-- Dataset excerpt follows --

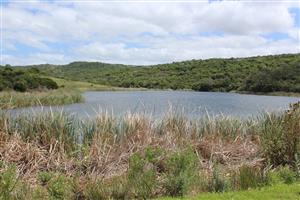 Farm For Sale in PORT ALFRED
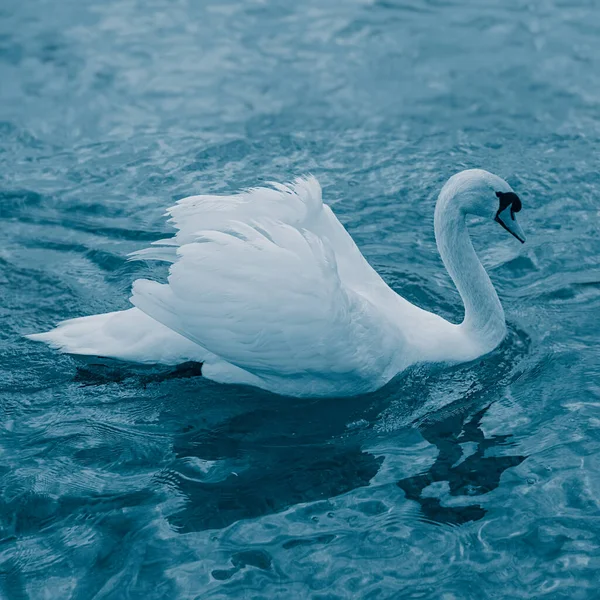 池で白鳥の水泳をミュートします 自然界の鳥 — ストック写真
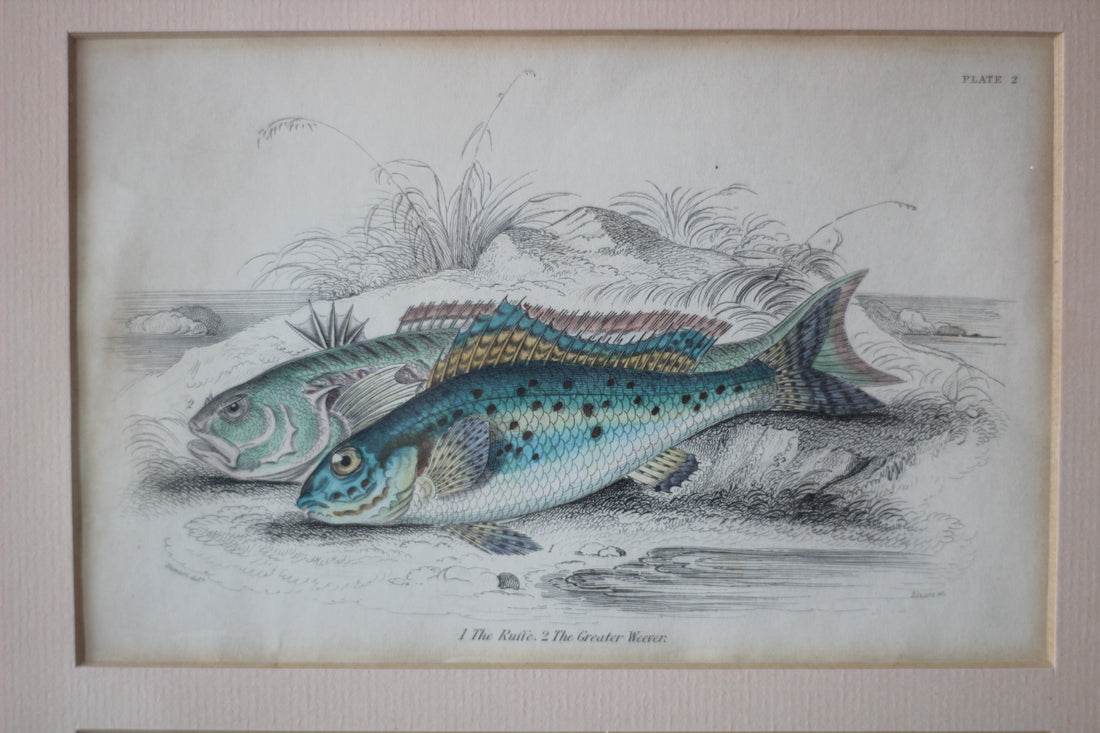 Gravures anciennes de poissons - Angleterre, XIXème siècle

-- Dataset excerpt concluded --

:: Task directions ::
Drop the images; restate the listing exactly.

:: Response area ::
 Farm For Sale in PORT ALFRED
 池で白鳥の水泳をミュートします 自然界の鳥 — ストック写真
 Gravures anciennes de poissons - Angleterre, XIXème siècle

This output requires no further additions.